Après l’annonce de la fermeture des usines de Vannes (Morbihan) et Cholet (Maine-et-Loire), Valérie Dossin, délégué syndicale centrale adjointe de Michelin France, fait le point.
Quel est l’état d’esprit de la CFE-CGC Michelin en ce moment ?
Tristesse et déception sur la forme, incompréhension sur le fond.
Sur le fond, notre colère vient de ce que ces fermetures de Vannes et de Cholet, qui menacent directement 1254 salariés, résultent de la stratégie de course à la rentabilité de l’entreprise et non du marché ou de la conjoncture, comme elle le prétend. Lorsque la direction de Michelin nous dit qu’elles sont inéluctables, nous répondons que c’est inexact et nous le démontrons sur notre site internet. On nous parle de l’énergie trop chère en France. Or Michelin produit en Pologne où elle est deux fois plus chère et sans être décarbonée qui plus est !
DES INQUIÉTUDES TRAITÉES PAR LE MÉPRIS
Sur la forme, la façon dont l’entreprise a annoncé ces fermetures nous rend amers. Depuis des mois, nous demandons à être associés. Il y a une intersyndicale (CFE-CGC, CFDT, FO, Sud), nous avons lancé un droit d’alerte, fait effectuer un audit… A chaque fois, la direction refusait d’échanger sur nos inquiétudes et alertes, les traitait par le mépris. Finalement, un dimanche soir, on apprend par les médias que deux usines vont fermer… Si tout était déjà écrit, pourquoi ne nous a-t-on pas associés ? Cela aurait été plus efficace et moins rude pour les salariés.
Quelles sont les prochaines échéances ?
Un comité social et économique central extraordinaire doit se tenir demain (mercredi 13 novembre, ndr). Nous espérons que l’entreprise va accepter de renouer le dialogue et nous donner des éléments complets sur la façon dont les salariés seraient accompagnés. Notre Intersyndicale a gelé toutes les négociations depuis octobre. Nous ne venons plus à la table des discussions sur le télétravail par exemple.

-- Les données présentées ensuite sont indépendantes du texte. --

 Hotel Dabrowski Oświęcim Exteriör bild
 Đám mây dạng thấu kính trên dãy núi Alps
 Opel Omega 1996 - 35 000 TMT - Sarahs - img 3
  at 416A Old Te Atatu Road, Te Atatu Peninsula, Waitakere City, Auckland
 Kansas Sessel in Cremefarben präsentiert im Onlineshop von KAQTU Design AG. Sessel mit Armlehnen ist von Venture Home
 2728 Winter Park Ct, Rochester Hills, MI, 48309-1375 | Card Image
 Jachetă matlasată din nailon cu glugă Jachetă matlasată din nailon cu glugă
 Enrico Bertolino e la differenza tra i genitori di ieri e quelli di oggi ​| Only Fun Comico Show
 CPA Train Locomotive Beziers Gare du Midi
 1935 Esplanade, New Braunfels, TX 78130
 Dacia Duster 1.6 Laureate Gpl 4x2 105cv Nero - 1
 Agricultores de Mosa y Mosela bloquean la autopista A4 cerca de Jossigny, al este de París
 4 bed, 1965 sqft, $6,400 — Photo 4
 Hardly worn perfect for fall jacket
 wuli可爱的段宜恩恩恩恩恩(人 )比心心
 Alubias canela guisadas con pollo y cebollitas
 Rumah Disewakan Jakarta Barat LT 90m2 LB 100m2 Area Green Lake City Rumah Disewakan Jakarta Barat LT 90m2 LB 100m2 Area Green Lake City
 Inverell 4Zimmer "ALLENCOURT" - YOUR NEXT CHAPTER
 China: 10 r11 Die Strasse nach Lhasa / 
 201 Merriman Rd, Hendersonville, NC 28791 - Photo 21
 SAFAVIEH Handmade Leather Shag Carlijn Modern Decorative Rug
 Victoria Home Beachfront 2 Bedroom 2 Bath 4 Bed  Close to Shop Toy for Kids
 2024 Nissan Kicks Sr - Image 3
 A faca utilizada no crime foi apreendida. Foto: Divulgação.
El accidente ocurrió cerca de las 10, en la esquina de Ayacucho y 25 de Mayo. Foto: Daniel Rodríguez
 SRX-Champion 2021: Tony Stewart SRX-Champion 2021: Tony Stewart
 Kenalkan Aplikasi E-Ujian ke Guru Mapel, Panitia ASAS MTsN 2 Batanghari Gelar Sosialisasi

J’espère que Michelin acceptera de renouer le dialogue de façon qu’on puisse reprendre le travail sur tout le reste.
SE BATTRE POUR ÉVITER LES FERMETURES
Quel rôle va jouer la CFE-CGC dans les jours qui viennent ?
Avec José Tarantini, le DSC de Michelin France, nous allons commencer à négocier l’accord de méthode le 21 novembre. Ce qui ne veut pas dire que nous entérinons les fermetures : nous allons nous battre pour les éviter, mais nous allons le faire à condition que cela ne nuise pas à l’accompagnement des salariés. Nous allons nous rendre à Cholet et à Vannes pour les rencontrer, les écouter et être totalement en ligne avec eux.
Par ailleurs, nous allons continuer à dialoguer et à réfléchir sur la manière d’éviter que d’autres sites ferment. Michelin nous a conviés à participer à un grand plan « Michelin Industrie France 2030 ». Nous voulons en faire une plateforme du maintien de l’industrie Michelin en France. Nous contestons les fermetures, mais nous voulons aussi être force de proposition de manière que ce plan soit en faveur de l’entreprise et des salariés. C’est l’axe clé pour nous.
FRONT UNI CONTRE LES PLANS SOCIAUX
Comment se situe votre combat dans le contexte économique en France ?
Nous étions, jeudi dernier, à une réunion de la fédération CFE-CGC Chimie au cours de laquelle nous avons ressenti un grand élan de solidarité. Les autres militants nous ont dit qu’ils seraient là pour nous soutenir dans tous les domaines, logistique, communication, recherche de débouchés pour les salariés. Nombre d’entre eux sont concernés par exactement la même chose que nous : des fermetures et des suppressions d’emplois effectuées au nom de la rentabilité avec un mépris des salariés et des instances de représentation du personnel. Si on arrivait à ne plus lutter en tant que Michelin seul mais avec l’appui d’autres entreprises, ce serait très puissant. Il y a quelque chose qui est en train de germer au nom de la solidarité.